More than 130 German air force personnel and eight PA-200 Tornadoes traveled from Holloman AFB, N.M., to conduct the final stage of training for two pilots and two weapon systems officers completing the Fighter Weapons Instructor Course with the German Air Force Flying Training Center. To them, Mountain Home is an ideal location.
"It's the airspace, the weather and the possibilities to have as much or as many different opponents or players we can include," said Lt. Col. Bjoern Jansen, German air force detachment commander. "We have all the opportunities to fly against the guys that are stationed here and coming from different places, so it's a great opportunity to be here."
"We're very blessed here to have the Mountain Home Range Complex," said McGovern. "It is a crown jewel range, it's one of the best ranges in the United States, arguably the world; it attracts a lot of foreign visitors. They've tapped into our secret we have here, which is a world class range, great infrastructure and typically great weather for the training."
While only the German air force uses the exercise as a "final exam" for their instructors, it still benefits other players by preparing them for future joint operations.
"We do full, multi-force integration and large packages on the Mountain Home Range Complex doing very advanced tactics and diverse scenarios that everyone benefits from," said McGovern.
Before traveling to Mountain Home, the aircrews being tested spent five months learning about the Tornado's capabilities and missions.
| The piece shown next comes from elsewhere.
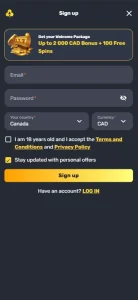 How to Register at Rocketplay Casino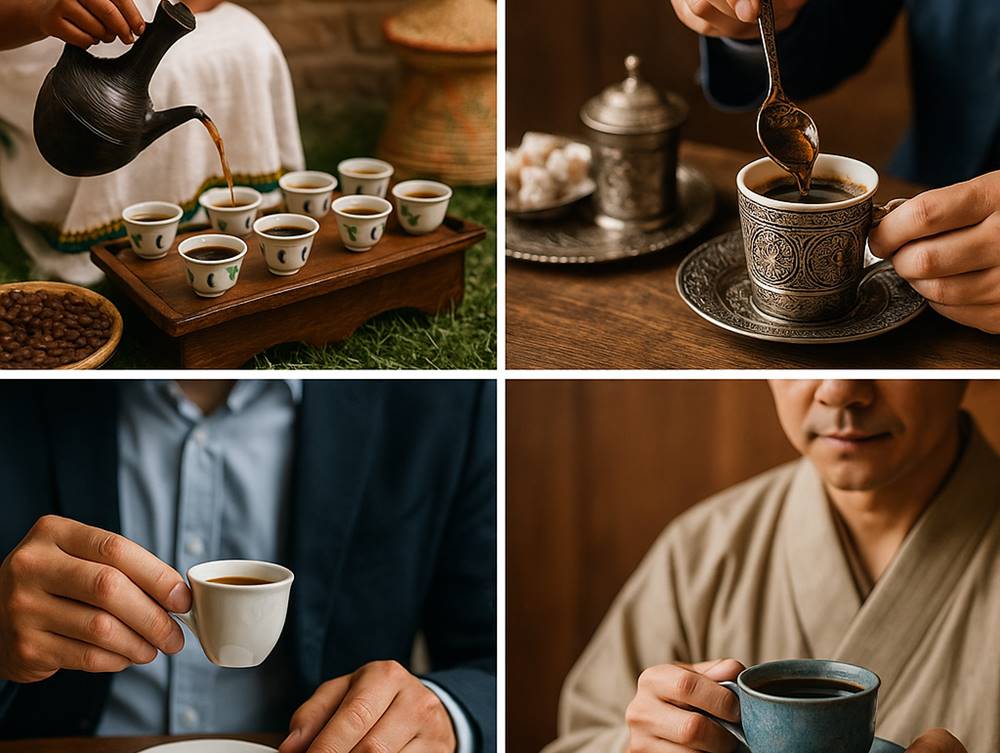 Kopi Sebagai Budaya Ritual dan Tradisi di Berbagai Negara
Mountain Roundup tests everything they learned with various missions in both air-to-air and air-to-ground scenarios. These can include attacks on vehicle convoys or defending high-value airborne assets such as tanker aircraft along with the classic red air versus blue air scenarios where players either attack opponents in their territory or defend their own airspace.
"It includes all the different scenarios we find on a battle field today," said Jansen. "You want to have experts on a certain aircraft and experts for the whole mission, so we train to be an expert not only for the Tornado itself, but an expert at employing a whole force."
While the training is deemed exceptional by all involved, it's also an opportunity to continue building relationships with NATO allies.
"The German air force has been in the United States since 1958, so we have a very close relationship," said McGovern. "As a NATO ally, they are one of our closest allies both in Europe and abroad, and they are also helping us in the war in Afghanistan. They've been a huge partner."